“The Vigil” appears at Gobin Fruit

/ October 20th, 2012 / No Comments »

My poem “The Vigil,” dedicated to Nicole Kornher-Stace — and also one of my “Claire-dare” series of poems from late 2010 — has just appeared in the newest issue of Goblin Fruit.

Making this appearance extra special, the audio reading is by Claire Suzanne Elizabeth Cooney herself. And making it extra, extra special, artist Elisabeth “Liz” Heller based her illustrations for this issue on my poem — check out the steed of bone and straw below, and the imposing woman you see riding it when you click through. I think it’s the best illustration of one of my own poems I’ve ever seen. And even sweeter than that, the next poem in the issue, “Blueshift” by Sonya Taaffe, is dedicated to me. What a great early Halloween present.

New Tour of the Abattoir column at Tales to Terrify

/ October 19th, 2012 / No Comments »

My “Tour of the Abattoir” audio column for Larry Santoro’s Tales to Terrify horror podcast skipped the month of September so that I could finish novel edits for The Black Fire Concerto, coming very soon as an e-book from the fine madmen at Black Gate.

But now “Tour” is back. In this installment I review Laird Barron’s slightly hard-to-find first novel The Light Is the Darkness as well as the recent theatrical release The Possession (with a little bit of snark tossed in for The Devil Inside, from earlier this year.) Then, in the “live” segment of the column, my buddy Shalon Hurlbert and I compare and contrast two films about zombie sieges at radio stations, Dead Air and Pontypool. It’s an “Abattoir” feast!

Let’s not forget the main fiction feature, “The Stuff of the Stars, Leaking” by Tim Lebbon. And if you’re a Laird Barron fan like I obviously am, last week TtT presented Laird’s new darkly funny novelette, “Frontier Death Song.”

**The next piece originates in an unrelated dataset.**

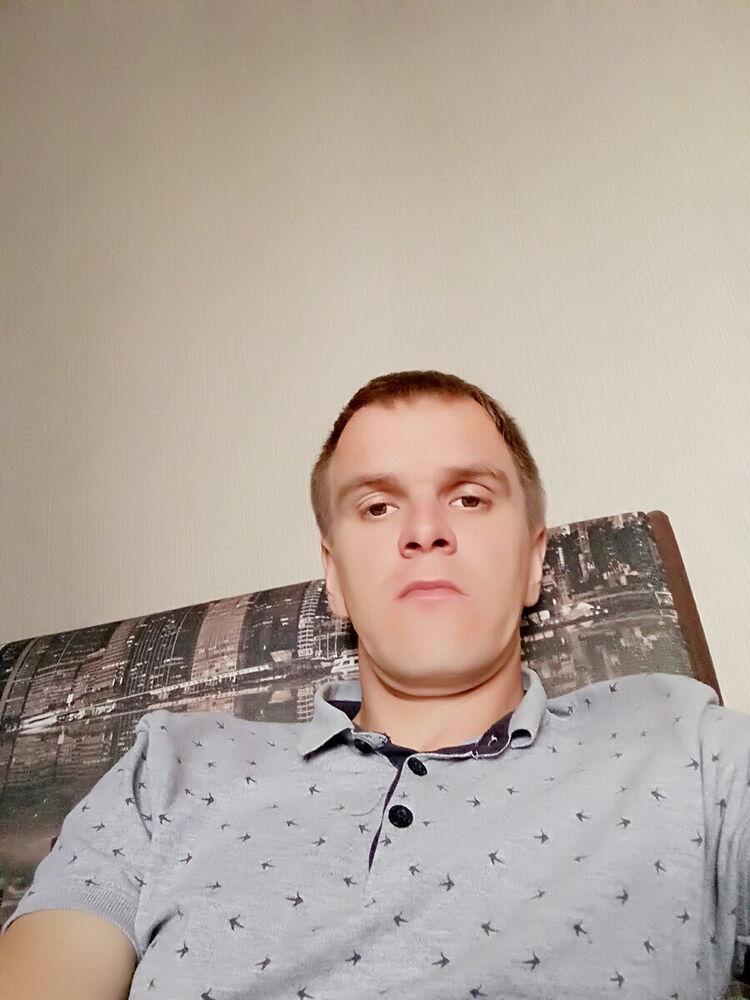 ���� 21052121 ������� ������, 39 ���, ���� ���������� � ������ ���������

“The Magic Walnut” from Mythic Delirium 25 a Dwarf Stars nominee

/ October 19th, 2012 / No Comments »

Congratulations to poet Sofía Rhei (and translator Lawrence Schimel) whose poem “The Magic Walnut” from Mythic Delirium 25 is a contender for the 2012 Dwarf Stars Awards.

(I’ve mentioned earlier that my own poem co-written with Anita, “Unland, Unlife,” is also in the running, along with many other worthies. May the best poem win!)

Clockwork Phoenix 4 Kickstarter update

/ October 14th, 2012 / No Comments »

This is a reposting of the progress report I posted on the Clockwork Phoenix 4 Kickstarter page this morning.

Hello, CLOCKWORK PHOENIX 4 backers!

I’ll feel I’m overdue in letting all of you know how things are going, so here’s an update.

1) First, CLOCKWORK PHOENIX 4 opened to submission on Oct. 1. (The guidelines are here.) Again, thanks to all of you … without your help this step would be unthinkable. We’ve already received over 200 submissions, with more coming in every day. I’ll keep you folks updated as the book comes together.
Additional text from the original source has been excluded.